When you think of the words “dog lovers”, you might have visions of the legions of breeds, their breeders and fans at their show-of-shows, the Westminster Dog Show. A great sendup of this world can be found in the Christopher Guest mockumentary “Best in Show” (which also includes Eugene Levy and Catherine O’Hara, more recently of “Schitt’s Creek” fame).
Our little town has hosted one of the biggest regional dog shows for many years, and has a very active kennel club.
While not members of the kennel club, my wife Valerie and I love dogs – a lot. About twelve years ago we decided to take action to help the dogs in our community. There were hordes of hungry, roaming dogs invading the playgrounds and knocking kids over to steal their lunches. The dog population was out of control and “fixing the problem” meant dog shoots or endless impoundments and transport to shelters in distant communities. We set out to get closer to the root of the problem. We started programs for community education about animal care, compassion and dog bite safety, and to help low income families have their dogs spayed and neutered.
We thought that it would be great to make contact with our colleagues at the kennel club. After all, they loved dogs and the Canadian Kennel Club had started a program to help create good canine citizens. Responsible guardianship and training – sounded great to us. Surely there would be opportunities to work together for the sake of dogs and the community, and elevate the levels of care, compassion and safety.
So one frosty day, after running a batch of abandoned puppies to the shelter, Valerie and I travelled to the nearby town, where the brass of the kennel club were meeting at a Chinese restaurant. Valerie went in for the meeting as I took care of other business around town.
She was “warmly” greeted by the chair of the meeting, who informed her: “You are here to listen, not to present information. You can leave information and we will consider it later.”
When the meeting was over, I picked Valerie up. I was excited to hear all about the new potential partnership for the betterment of dogkind. Instead she shook her head and told me that the meeting had gone on as if she was not even there. The information we had to share about our education program, and the encouraging numbers from our early spay / neuter programs languished on the corner of the table.
However, the meeting time was filled with important topics. The chair had been quite frustrated with the judging of her prized Boofenchasser bitch (maybe I heard the breed wrong but it was something like that).
“Girls, I could not believe it. She lost points for nose colour. The majority of the nose has to be dark. And I tell you, her nose is only forty percent pink! And most of that you can’t even see – it is in her nostril!”
Much pursing of lips ensued, a few grunts of indignation and some encouraging words about the quality of judges expected for the show in our little town. That was probably the matter of most substance, or so I recall from the discussion with Valerie.
The individuals in the kennel club clearly did not see all dogs as we did, as valued individuals worthy of great care and attention. It was “our carefully bred angels” vs “those mutts from over there”.
That was over a decade ago, but it ties into an interesting podcast we heard this week – featuring psychologist Melanie Joy. Her most notable book is “Why we Love Dogs, Eat Pigs, and Wear Cows”. The main concept is how we slot animals into different categories. Those categories are set up by culture and custom, and program our brains for the acceptable treatment of those animals.
As Joy said in the podcast: “If I give you a juicy, grilled burger with all the fixings, and you see and smell that burger – you will salivate. And it will be satisfying and tasty – until I tell you it is a Golden Retriever burger! At that point you will be repulsed and freaking out…”
Cow – now that is an “eater”. Golden Retriever, not so much.
When her book was translated, the first language was Korean. In Korea, while not universal, it is more customary to eat dog meat. The above example might have led a Korean reader to say “Golden Retriever burger, eh? What’s the problem?”

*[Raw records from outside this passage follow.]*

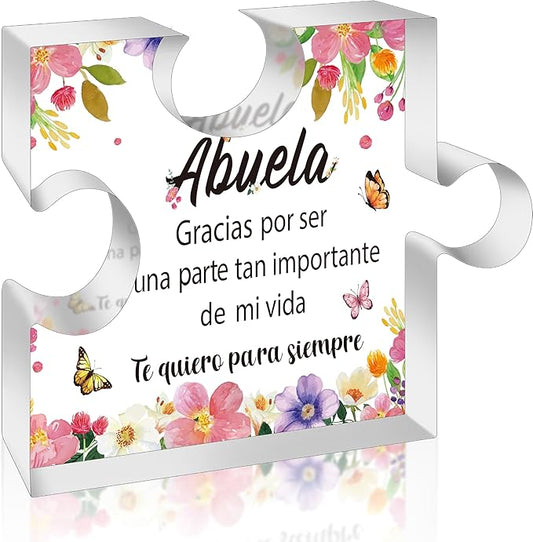 Yopyame Spanish Grandma Birthday Gifts - Regalos para Abuela Acrylic Puzzle Plaque Keepsake Paperweights Gifts for Grandma in Spanish Christmas Mothers Day Gift for Grandma from Granddaughter Grandson
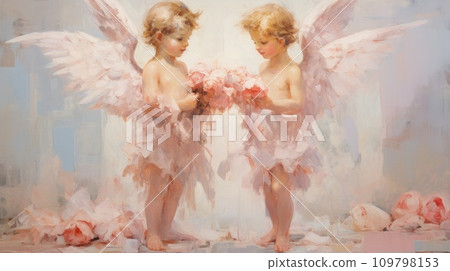 Ancient fresco. Two angels with wings with flowers. Cute fairies. Kids cherubs. Oil painting illustration, impressionism style. Pastel colors. For postcard, greeting, wall decor, cover design, print. Ancient fresco. Two angels with wings with flowers. Cute fairies. Kids cherubs. Oil painting illustration, impressionism style. Pastel colors. For postcard, greeting, wall decor, cover design, print. 109798153
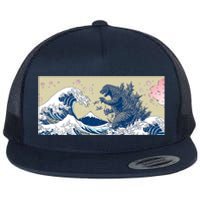 Monster VS the Great Wave Of Kanagaw Flat Bill Trucker Hat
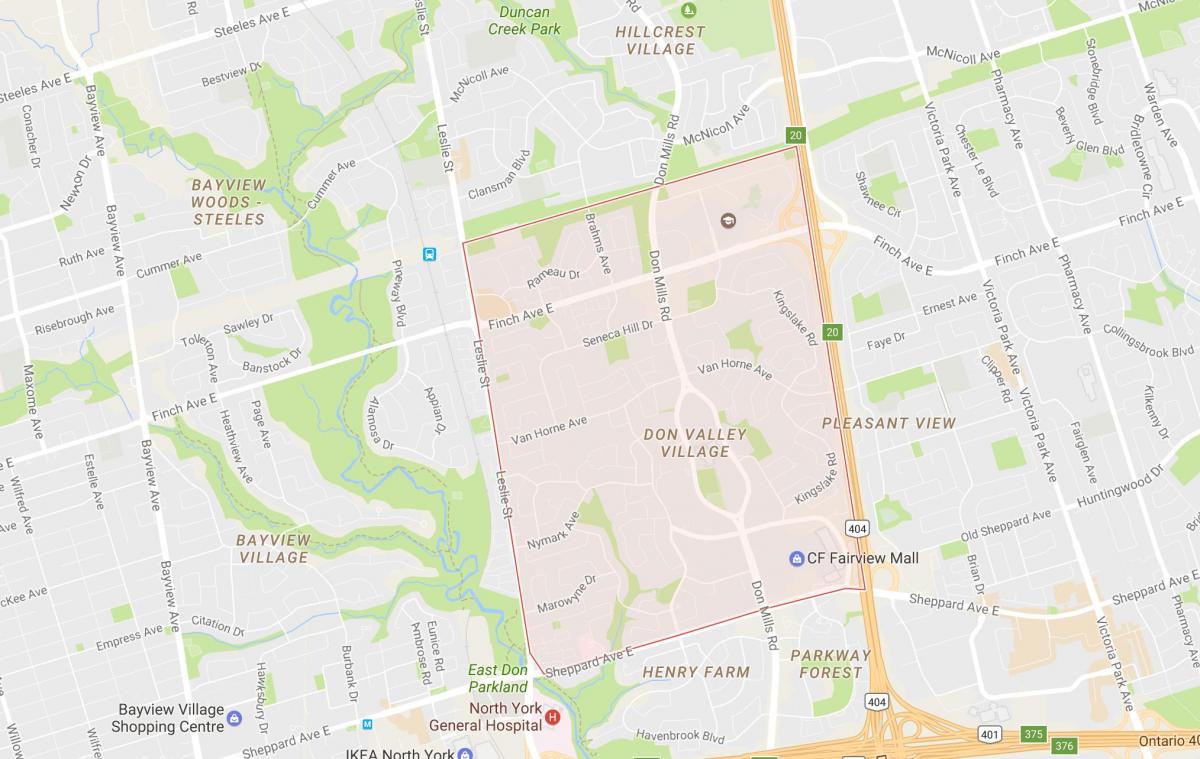 Kort over Don Valley Landsby kvarter Toronto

However, when the editors changed the translated text to “Maltese burger” (a breed treasured as a pet), the natural response reverted to revulsion.
So even in the animal category of “dog”, just as we saw with the kennel club meeting, there were different subcategories that meant love, respect, indifference, loathing, killing, eating. At the root, all involve the same wonderful beings who will love you unconditionally, even if you mistreat them. Social creatures with intelligence that goes far beyond the crowd pleasing performances on the agility track. Communicative animals who can read our eyes and speak through their vocalizations and their body language.
Humans can be very clever in the compartmentalization required to “rationalize” the different treatment of each group so they can sleep at night.
The challenge is to rise above the cultural programming and examine whether these arbitrary lines make sense. There is a richer answer to the question “Why?” than the old parental standby “Because I said so.” With some added perspective, can we connect the dots in a way that is more caring, compassionate and in line with our core beliefs and values?
The key word is connection. So many of the problems we see in the world today are a failure to connect: to each other, across societal lines, to the global community, to nature and all the sentient beings who share the globe with us.
Sadly, with the coronavirus crisis in full swing, this year our little town won’t be able to see all the bitches running around the show ring with their carefully judged noses in the air. We do hope their guardians take the chance to reflect and build some of those connections.